During his recent public lecture in Dhaka, Stefan Dercon predicted that on-shoring value chains – a practice of transferring business operations that had once moved overseas back to the country of origin – in the US, Japan and Europe, will impact income distribution and wage growth in Bangladesh.
In an exclusive interview, Dercon, also an academic director of the Pathways for Prosperity Commission on Technology and Inclusive Development at Blavatnik School of Government at Oxford, shared his thoughts with The Business Standard.
TBS: Will automation and artificial intelligence put Bangladesh's traditional ready-made garment (RMG) industries at risk?
Dercon: Ever since the industrial revolution began in England, the RMG industries, globally, have gradually been automating. The question is, will automation happen faster given that the technology or kind of tasks involved – those which can be automated – are still performed by low-cost workers who require some agility and experience? It will take a long time before robot arms can actually start doing these tasks. Therefore, by no means is it profitable for factories anywhere in the world to replace labour at the moment. Over time, the RMG industry will get more and more automated and labour intensity will go down. But it will not happen immediately – it will take around 10 to 15 years for factories to become fully automated. Automation will happen gradually and fewer jobs will be created; at the same time, investors should keep in mind that automation will take time to become a profitable venture. Automation will cut a number of jobs and I am worried about the low scale employment in the RMG sector of Bangladesh in the next generation.
TBS: Recently we met a former expatriate who upgraded his handloom to a power-loom garment factory in his village. He is happy with his income. How do you see these kinds of entrepreneurship?
Dercon: This person clearly found a way of making profit by doing what he enjoys doing. In fact, the economy is full of people who do certain things in line with their aspirations and expectations. Unfortunately, in Bangladesh, there are many people for whom there are not enough job opportunities and very few choices that coincide with their aspirations. However, I actually remain very optimistic that even if a sector like RMG gets fewer jobs, jobs will be created in an economy with the right framework, correct set of incentives and proper focus on being open for new ways of doing things.
TBS: You talk about diversification of employment. How can modern technology influence agricultural marketing – an alternative source of employment in Bangladesh?
Dercon: I think we should not focus too much on the impact of digital technology by automation. The big impact is more likely to be much better information for farmers to improve their practices for higher yields. Farmers should know about the right use of seeds, fertiliser and water. In addition, access to the right information can reduce wastage and boost productivity. At the moment, most advice to the farmers is quite standardised. Big data and artificial intelligence allow one to get customised advice as per one's needs. This can help farmers with every type of crop. So, it [the benefit] is not mechanisation or automation [solely] but actually things like knowing exactly when to harvest and having the information that a harvest might bring a good price on the market that day.

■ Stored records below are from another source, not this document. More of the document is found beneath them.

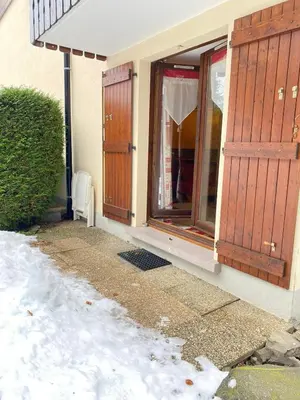 a house with wooden doors and snow on the ground at Studio in Arâches-la-Frasse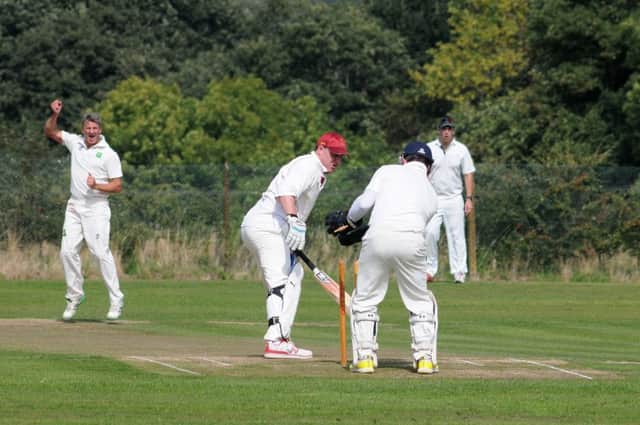 Leek Wootton's Dave Allison is bowled by David McInnes. Pictures: Morris Troughton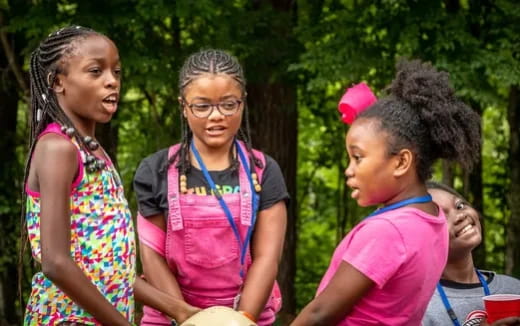 a group of women standing outside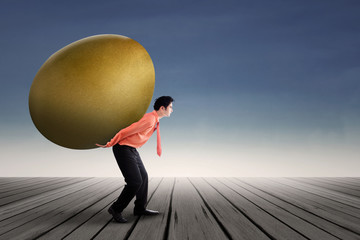 Young businessman is carrying a golden egg investment on his back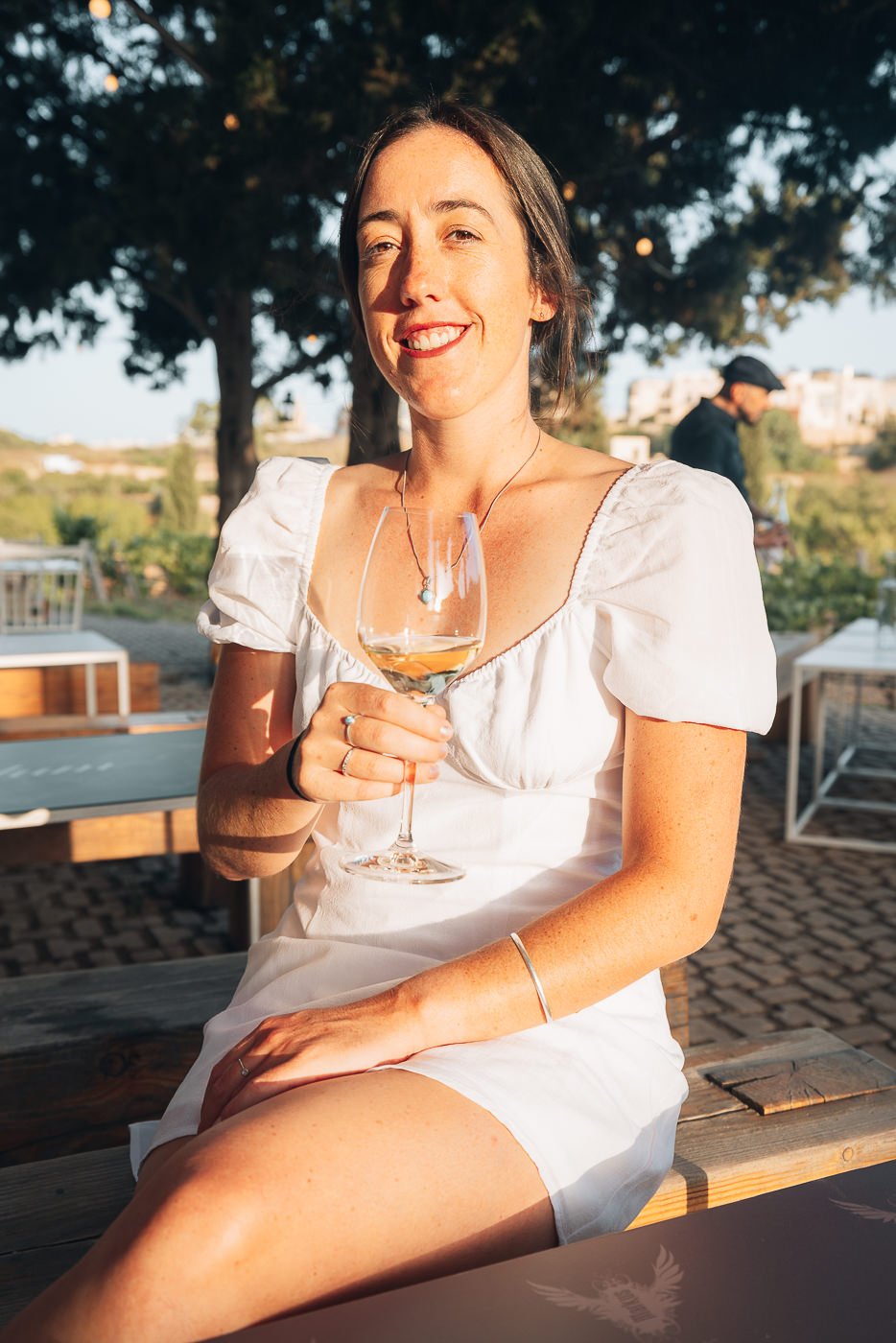 Girl drinking wine at Markus Divinus winery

TBS: Do you think that ownership of technology can create a monopoly and will affect a society like Bangladesh where the gap between rich and poor is high?
Dercon: It is indeed one of the big risks. By the nature of rapidly reducing costs by having more data and an economy of scale for using data, monopolies are encouraged – or at least a very large market [is created]. If monopolies then capture all the profit from it, inequality is further deepened. To avoid this, keeping pace of digital technology and the emergence of firms, it is important that there is a sensible competition policy, a good understanding – by leadership in the government – of the issues involved and reasonable regulation that keeps a level playing field and eases the entrance of new players into it.
For example, monopoly power over data is not allowed and certain types of data should always be available to all players. For example, rainfall data cannot be sold and one firm cannot control all weather data.